If you asked the network, where did that input that it sees come from, it
would have no other choice but to refer back to itself, as "I". "I
generated that text."

Loops are needed to maintain and modify a persistent state or memory, to
create a strange loop of self-reference, and to achieve Turing
completeness. But a loop may not exist entirely in the "brain" of an
entity, it might offload part of the loop into the environment in which it
is operating. I think that is the case for things like thermostats, guided
missiles, AlphaGo, and perhaps even ourselves.

We observe our own actions, they become part of our sensory awareness and
input. We cannot say exactly where they came from or how they were done,
aside from modeling an "I" who seems to intercede in physics itself, but
this is a consequence of being a strange loop.
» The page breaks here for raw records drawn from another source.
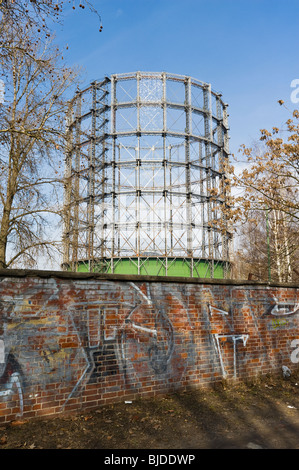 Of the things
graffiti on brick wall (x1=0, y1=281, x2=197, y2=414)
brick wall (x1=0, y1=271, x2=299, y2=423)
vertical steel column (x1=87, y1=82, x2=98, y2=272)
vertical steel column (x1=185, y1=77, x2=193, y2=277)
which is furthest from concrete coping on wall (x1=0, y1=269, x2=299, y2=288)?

In a sense, our actions do
come in from "on high", a higher level of abstraction in the hierarchy of
processing, and this seems as if it is a dualistic interaction by a soul in
heaven as Descartes described.

In the case of GPT-4, its own output buffer can act as a scratch pad memory
buffer, to which it continuously appends it's thoughts to. Is this not a
form of memory and recursion?

For one of the problems in John's video, it looked like it solved the
Chinese remainder theorem in a series of discrete steps. Each step is
written to and saved in it's output buffer, which becomes readable as it's
input buffer.

Given this, I am not sure we can say that GPT-4, in its current
architecture and implementation, is entirely devoid of a memory, or a
loop/recursion.

I am anxious to hear your opinion though.